Le délit de séjour irrégulier rétabli
Autre disposition votée, l’expulsion de certains étrangers actuellement protégés. L’expulsion sera facilitée notamment à l’encontre des migrants condamnés pour des délits ou des crimes punis de trois ans de prison ou plus. Cela concerne par exemple les faits de violences intrafamiliales ou des faits de violences contre les élus. Par ailleurs, le délit de séjour irrégulier est rétabli. La peine encourue est fixée à 3.750 euros d’amende.
Quotas migratoires
L’instauration de « quotas » fixés par le Parlement pour plafonner « pour les trois années à venir » le nombre d’étrangers admis sur le territoire (hors demandeurs d’asile) est considérée comme inconstitutionnelle par le camp présidentiel.

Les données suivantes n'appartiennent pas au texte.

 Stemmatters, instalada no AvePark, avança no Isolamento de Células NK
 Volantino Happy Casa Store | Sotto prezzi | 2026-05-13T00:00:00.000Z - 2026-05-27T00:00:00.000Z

Mais ce dernier a quand même accepté d’intégrer cette mesure, ainsi que la tenue d’un débat annuel sur l’immigration au Parlement, dans le texte de la CMP pour satisfaire LR… avec l’espoir à peine dissimulé que le Conseil constitutionnel se charge de la retoquer.
Déchéance de nationalité, droit du sol
La majorité présidentielle a également fini par donner son accord à la déchéance de nationalité pour les binationaux condamnés pour homicide volontaire contre toute personne dépositaire de l’autorité publique. Concernant le droit du sol, elle a concédé la fin de l’automaticité de l’obtention de la nationalité française à la majorité pour les personnes nées en France de parents étrangers : il faudra désormais que l’étranger en fasse la demande entre ses 16 et 18 ans. Autre restriction obtenue par la droite : en cas de condamnation pour crimes, toute naturalisation d’une personne étrangère née en France deviendrait impossible.
Cinq ans de présence sur le territoire pour bénéficier des allocations familiales
Pour des prestations comme les allocations familiales, pour le droit opposable au logement ou l’allocation personnalisée d’autonomie, un délai de cinq ans est ainsi prévu pour ceux qui ne travaillent pas, mais de 30 mois pour les autres.
Pour l’accès à l’Aide personnalisée au logement (APL), principal point d’achoppement, une condition de résidence est fixée à cinq ans pour ceux qui ne travaillent pas, et de seulement trois mois pour les autres. Ces nouvelles restrictions ne s’appliquent pas aux étudiants étrangers. Sont par ailleurs exclus de toutes ces mesures les réfugiés ou les titulaires d’une carte de résident.
Regroupement familial
Le durcissement des conditions du regroupement familial voté par le Sénat se retrouve pour l’essentiel dans le texte final, avec notamment une durée de séjour du demandeur portée à 24 mois (contre 18), la nécessité de ressources « stables, régulières et suffisantes » et de disposer d’une assurance maladie, ainsi qu’un âge minimal du conjoint de 21 ans (et plus 18).
Aide médicale d’État
La suppression de l’Aide médicale d’État (AME) pour les sans-papiers était l’un des principaux chevaux de bataille de la droite. Mais les LR ont accepté d’y renoncer dans ce texte, moyennant la promesse d’une réforme du dispositif début 2024.
Le texte de la CMP comprend en revanche une restriction de l’accès au titre de séjour « étranger malade ». Sauf exception, il ne pourra être accordé que s’il n’y a pas de « traitement approprié » dans le pays d’origine. Une prise en charge par l’assurance maladie sera par ailleurs exclue si le demandeur a des ressources jugées suffisantes.